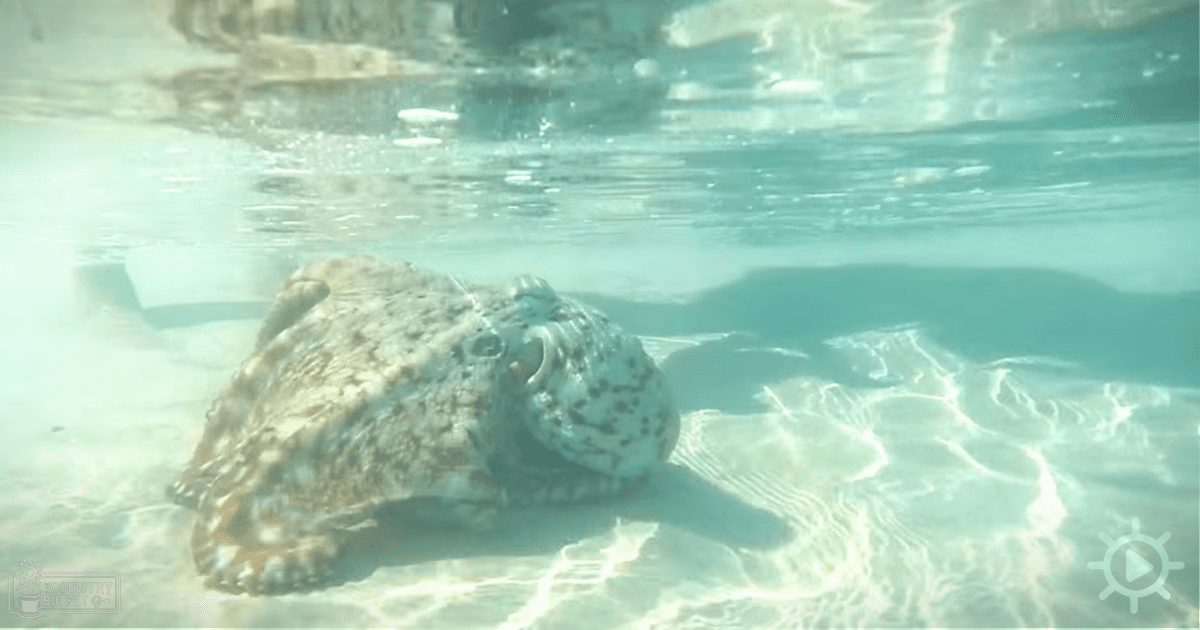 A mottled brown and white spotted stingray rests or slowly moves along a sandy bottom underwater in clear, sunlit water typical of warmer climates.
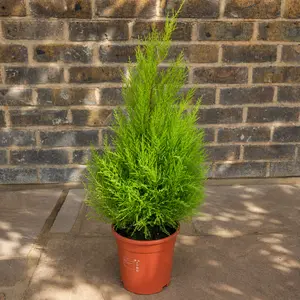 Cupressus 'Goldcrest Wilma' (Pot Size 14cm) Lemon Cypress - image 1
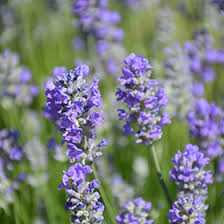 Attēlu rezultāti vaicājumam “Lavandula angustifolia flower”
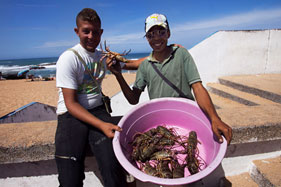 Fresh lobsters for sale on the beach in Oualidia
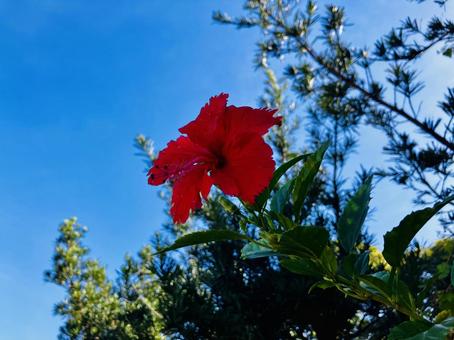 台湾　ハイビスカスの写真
-----
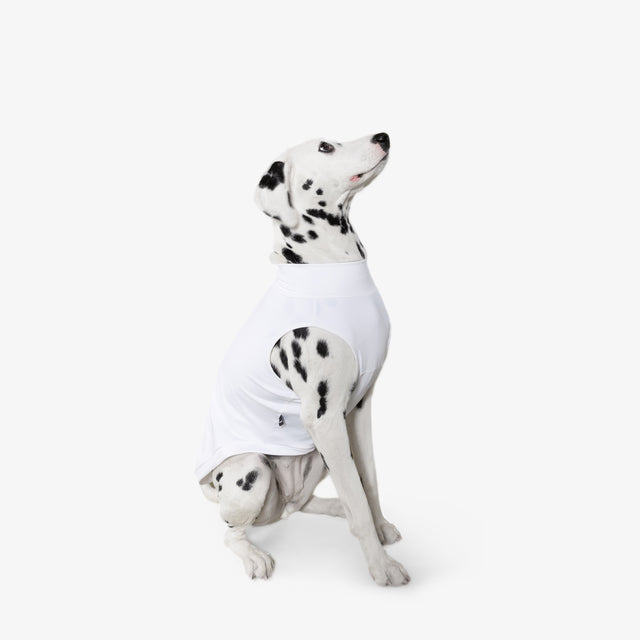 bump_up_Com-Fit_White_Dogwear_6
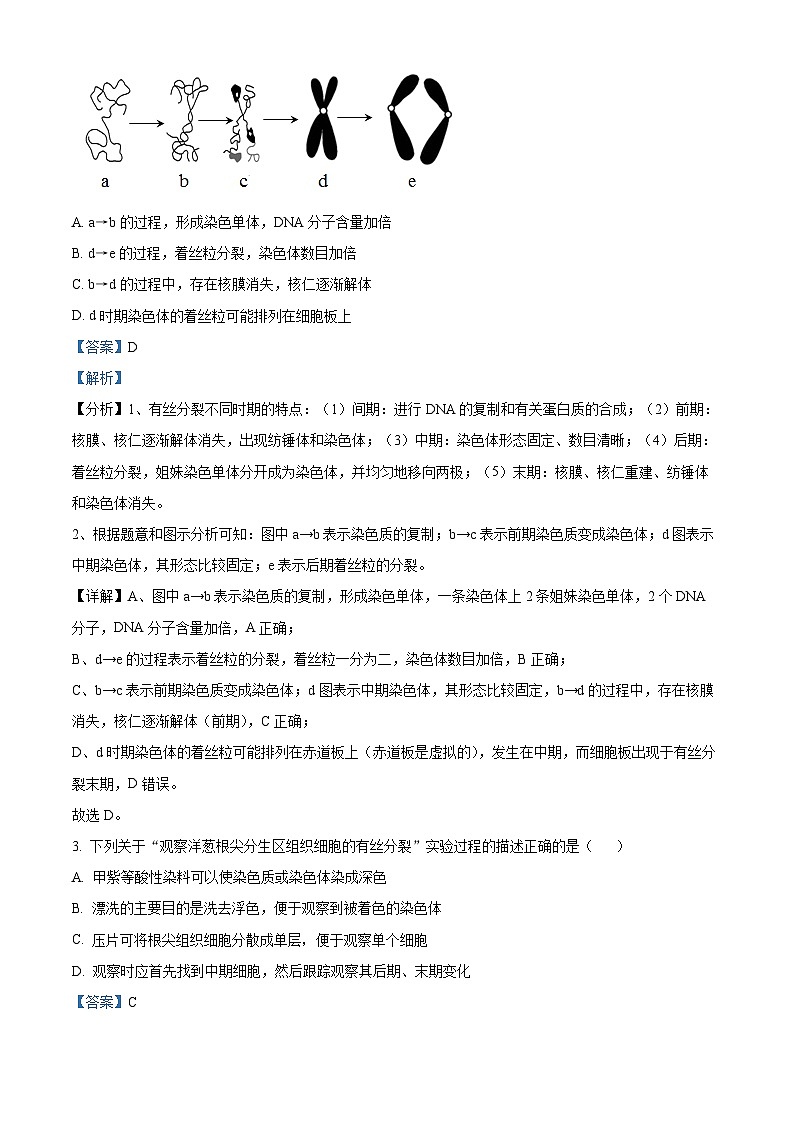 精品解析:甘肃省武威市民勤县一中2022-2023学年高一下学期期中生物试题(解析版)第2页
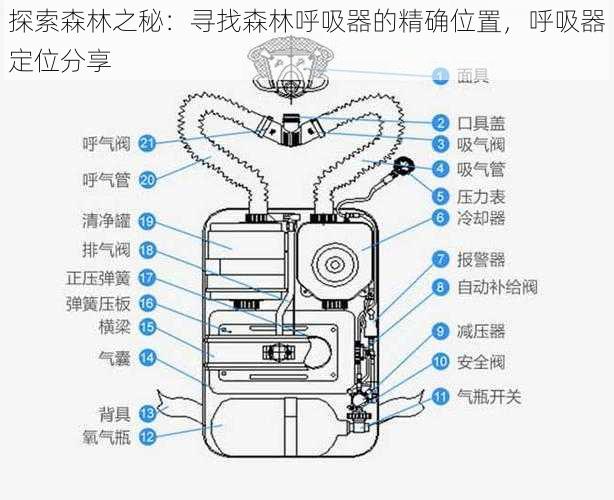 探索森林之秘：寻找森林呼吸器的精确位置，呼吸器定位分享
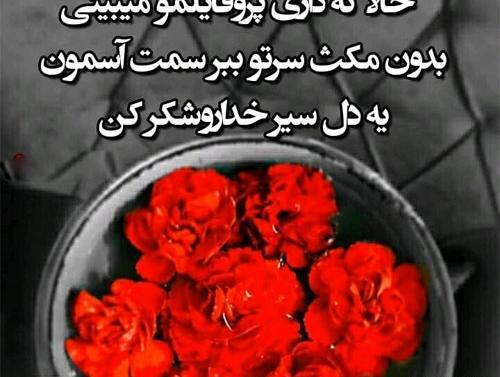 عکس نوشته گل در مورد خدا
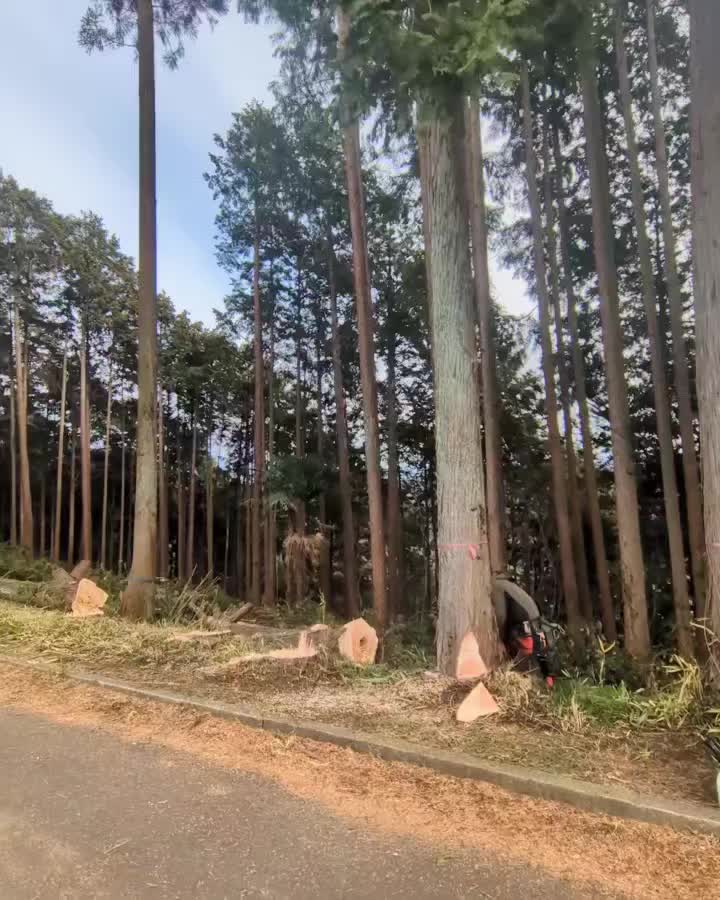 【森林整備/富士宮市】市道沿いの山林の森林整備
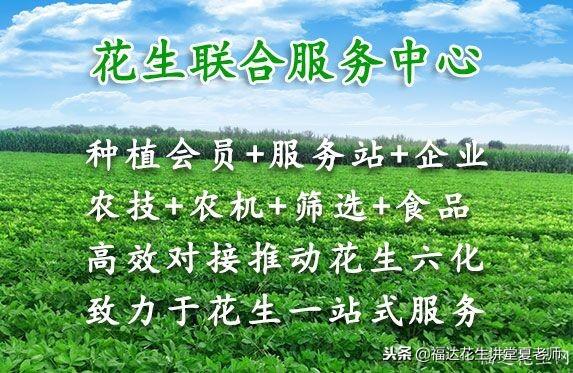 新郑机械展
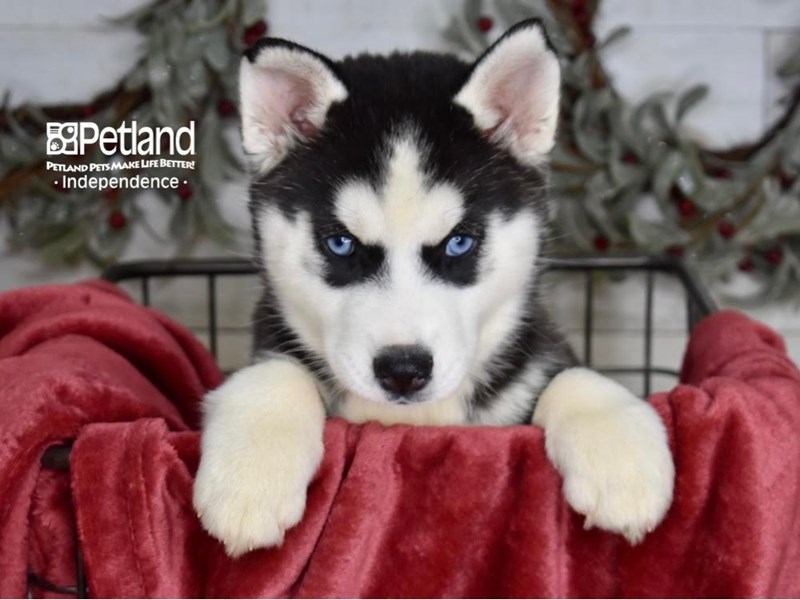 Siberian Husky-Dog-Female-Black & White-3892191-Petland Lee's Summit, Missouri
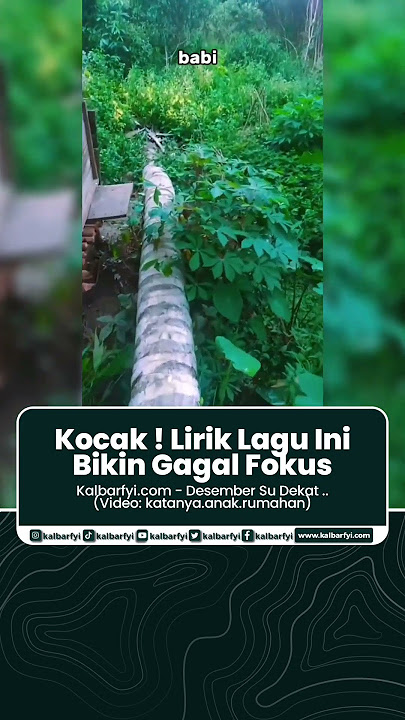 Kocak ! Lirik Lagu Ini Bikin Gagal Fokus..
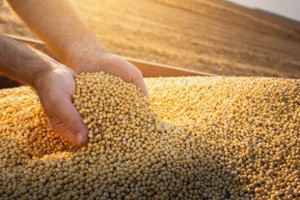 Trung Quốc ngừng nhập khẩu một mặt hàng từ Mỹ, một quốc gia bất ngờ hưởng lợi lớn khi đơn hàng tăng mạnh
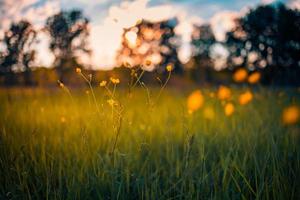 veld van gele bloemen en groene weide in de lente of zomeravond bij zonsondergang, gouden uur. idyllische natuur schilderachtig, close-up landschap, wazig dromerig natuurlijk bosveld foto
-----
Those lines of the records above that run from the one containing "A mottled brown" through the one containing "台湾　ハイビスカスの写真" should be returned exactly, with no pictures among them.

• _Solution to the problem_
 A mottled brown and white spotted stingray rests or slowly moves along a sandy bottom underwater in clear, sunlit water typical of warmer climates.
 Cupressus 'Goldcrest Wilma' (Pot Size 14cm) Lemon Cypress - image 1
 Attēlu rezultāti vaicājumam “Lavandula angustifolia flower”
 Fresh lobsters for sale on the beach in Oualidia
 台湾　ハイビスカスの写真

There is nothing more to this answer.